Screenshots If applicable, add screenshots to help explain your problem.
Host/Environment (please complete the following information):
- OS: [e.g. iOS]
- Version [e.g. 22]
Additional context Add any other context about the problem here.
Thanks @AntonEliatra. Maybe try to write a YAML REST test for this one short of a fix? We would also love a test and any missing support for analysis filters using hunspell in https://github.com/opensearch-project/opensearch-api-specification.
[Indexing Triage - 09/02] @AntonEliatra, Thanks for raising this issue! As @dblock mentioned, it would be great if you can add a YAML rest test for the bug and probably raise a PR for the same. Also, can you please share more details on the expectations from the hunspell filter and what is the impact of duplicate tokens?
@vikasvb90 Unfortunately I do not have the resources to submit PR for this, however, the deduplication is needed if the user does not need to receive multiple token with the same value as the output. This would also mean smaller size of the output in general.
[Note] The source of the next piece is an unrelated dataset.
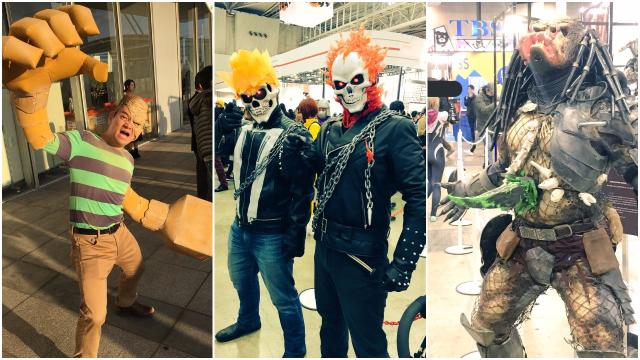 The Best Cosplay Of The Tokyo Comic Con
I'm not convinced that this is a bug.
The way that the tokens get turned into terms leads to very little in the way of duplication. The rough 4-dimensional hierarchy is:
field
+-> terms
+-> docs
+-> positions + offsets
The only duplication is that you'll have an position + offsets for the extra occurrence. (By default, we don't actually store offsets -- just positions.) If you don't care about positions + offsets, you can change the index_options for your text field to freqs (if you want to know that the term occurred twice) or docs (if you don't care how many times the term occurred).
Regarding the hunspell token filter dedup parameter specifically, it's not meant to deduplicate across tokens, but rather to avoid producing multiple duplicate stemming terms for the same token. (It's implemented by calling this method.) Since it applies stemming rules recursively, I imagine two different rule paths could reach the same term.
Note that setting "longest_only":true ignores the value of dedup, since you're only keeping the longest stem of each token, which implicitly deduplicates anyway (since you're only emitting one stemmed term for each token).
In that case this issue can be closed.